Feature: Liberia's displaced women learn to lead the way home
BROWNS TOWN, Liberia (UNHCR) - Georgia Power, 47, learnt about her rights the hard way. Abandoned by her husband more than 10 years ago, she was left to fend for herself and her eight children in Browns Town, near the Liberian capital of Monrovia. "He didn't care about the children dropping out of school," she recalls.
When civil war broke out in the 1990s, they fled to Lofa county in northern Liberia, paying $150 for the transport to Voinjama near the border with Guinea. In 2001, as the conflict subsided, they embarked on a long and difficult journey home. "We came back on foot, hiding in the bush from time to time," says Power. Two of her children died from malnourishment during the trip.
Back in Browns Town, she wanted to bring her husband to court but lacked the means to do so. Her family threatened her and advised her to return to him. Under pressure, she escaped to the nearby centre for internally displaced persons (IDPs).
Power and the other returnee women at Browns Town IDP camp receive relief items from the UN refugee agency. However, she says there is not enough food for everyone and sent two of her children to live with relatives in another village.
Her experience was one of the many stories recounted during the gender leadership workshop organised by UNHCR in mid-April. She was among the 200 women and men from five IDP and returnee camps who participated in the UNHCR workshop to develop the leadership skills of displaced and refugee women in Liberia. The workshop was also intended to prepare the women for leadership positions and making decisions in the public sphere.
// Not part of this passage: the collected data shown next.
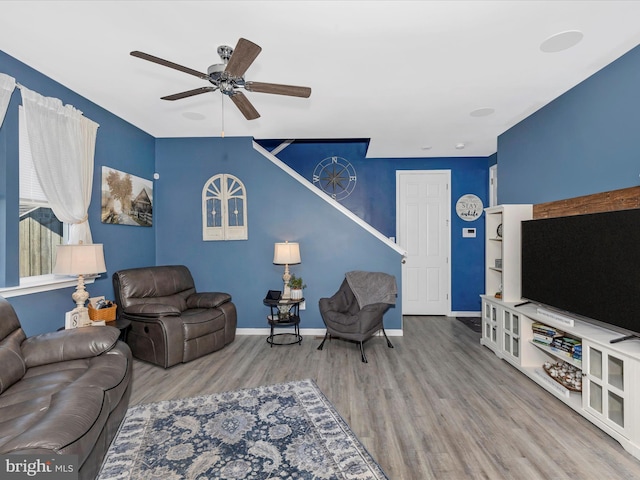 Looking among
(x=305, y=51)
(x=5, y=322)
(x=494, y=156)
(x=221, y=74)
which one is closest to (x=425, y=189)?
(x=494, y=156)

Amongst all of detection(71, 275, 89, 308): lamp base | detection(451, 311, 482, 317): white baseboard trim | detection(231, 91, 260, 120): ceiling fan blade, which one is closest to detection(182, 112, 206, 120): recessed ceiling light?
detection(231, 91, 260, 120): ceiling fan blade

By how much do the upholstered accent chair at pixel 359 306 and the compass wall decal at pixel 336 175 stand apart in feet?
6.68

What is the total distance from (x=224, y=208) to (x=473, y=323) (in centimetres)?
422

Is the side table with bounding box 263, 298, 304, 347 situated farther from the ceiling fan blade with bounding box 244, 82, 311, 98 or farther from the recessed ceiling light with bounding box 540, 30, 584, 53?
the recessed ceiling light with bounding box 540, 30, 584, 53

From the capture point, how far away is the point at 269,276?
459 cm

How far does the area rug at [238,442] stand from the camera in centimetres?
184

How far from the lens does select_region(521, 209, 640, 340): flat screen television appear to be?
2.16 meters

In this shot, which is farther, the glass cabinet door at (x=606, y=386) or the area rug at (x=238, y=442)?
the glass cabinet door at (x=606, y=386)

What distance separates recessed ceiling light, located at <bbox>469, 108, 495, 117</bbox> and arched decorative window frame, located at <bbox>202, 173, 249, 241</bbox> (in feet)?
10.1

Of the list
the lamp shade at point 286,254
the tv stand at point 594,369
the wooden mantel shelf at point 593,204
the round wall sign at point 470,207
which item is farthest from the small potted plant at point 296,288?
the round wall sign at point 470,207

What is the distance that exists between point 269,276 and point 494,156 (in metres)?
4.23

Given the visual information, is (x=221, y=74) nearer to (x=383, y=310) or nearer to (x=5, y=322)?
(x=5, y=322)

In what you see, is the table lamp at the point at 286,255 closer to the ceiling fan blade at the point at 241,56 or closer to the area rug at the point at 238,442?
the area rug at the point at 238,442

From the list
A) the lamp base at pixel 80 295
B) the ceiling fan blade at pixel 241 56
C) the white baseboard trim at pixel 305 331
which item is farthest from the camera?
the white baseboard trim at pixel 305 331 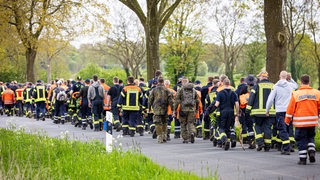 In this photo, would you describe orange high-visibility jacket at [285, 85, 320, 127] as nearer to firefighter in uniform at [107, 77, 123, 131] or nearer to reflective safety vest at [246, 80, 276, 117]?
reflective safety vest at [246, 80, 276, 117]

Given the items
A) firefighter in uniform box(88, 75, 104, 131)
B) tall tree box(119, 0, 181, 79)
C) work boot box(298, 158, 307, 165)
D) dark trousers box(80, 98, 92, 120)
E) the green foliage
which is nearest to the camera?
work boot box(298, 158, 307, 165)

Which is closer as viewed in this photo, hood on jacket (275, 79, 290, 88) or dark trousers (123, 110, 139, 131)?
hood on jacket (275, 79, 290, 88)

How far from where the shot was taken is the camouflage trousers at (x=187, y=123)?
1581 cm

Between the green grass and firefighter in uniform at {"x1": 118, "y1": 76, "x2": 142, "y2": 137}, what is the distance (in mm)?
5073

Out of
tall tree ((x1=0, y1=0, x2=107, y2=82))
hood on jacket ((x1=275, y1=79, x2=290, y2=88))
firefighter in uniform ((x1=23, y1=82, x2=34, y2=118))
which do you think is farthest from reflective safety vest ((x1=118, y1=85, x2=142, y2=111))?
tall tree ((x1=0, y1=0, x2=107, y2=82))

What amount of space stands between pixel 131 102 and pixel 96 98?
9.71ft

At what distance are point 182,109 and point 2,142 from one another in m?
5.70

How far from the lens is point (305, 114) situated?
433 inches

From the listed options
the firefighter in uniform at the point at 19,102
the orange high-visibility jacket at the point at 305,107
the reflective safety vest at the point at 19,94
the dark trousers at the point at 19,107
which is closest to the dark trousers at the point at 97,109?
the orange high-visibility jacket at the point at 305,107

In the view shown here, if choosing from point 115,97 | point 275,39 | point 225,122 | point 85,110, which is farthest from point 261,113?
point 85,110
With the vast displacement of families during the war, women in both rural and urban settings are increasingly finding themselves as single heads of households with large numbers of dependants, said UNHCR Gender Advisor Joanina Karugaba. She also emphasised that women's access to health facilities and information on reproductive health remains an area of grave concern with the rising incidence of unwanted pregnancies, HIV infection and other sexually transmitted diseases. For the single teenage abductees or young mothers who have returned, many are facing pregnancy, childbirth, social isolation, stigma and trauma on their own, at a young and vulnerable age.
"It is crucial to provide opportunities for refugee and returnee women as well as men to explore concepts of gender and to undertake specialised gender training," said UNHCR Representative in Liberia, Moses Okello.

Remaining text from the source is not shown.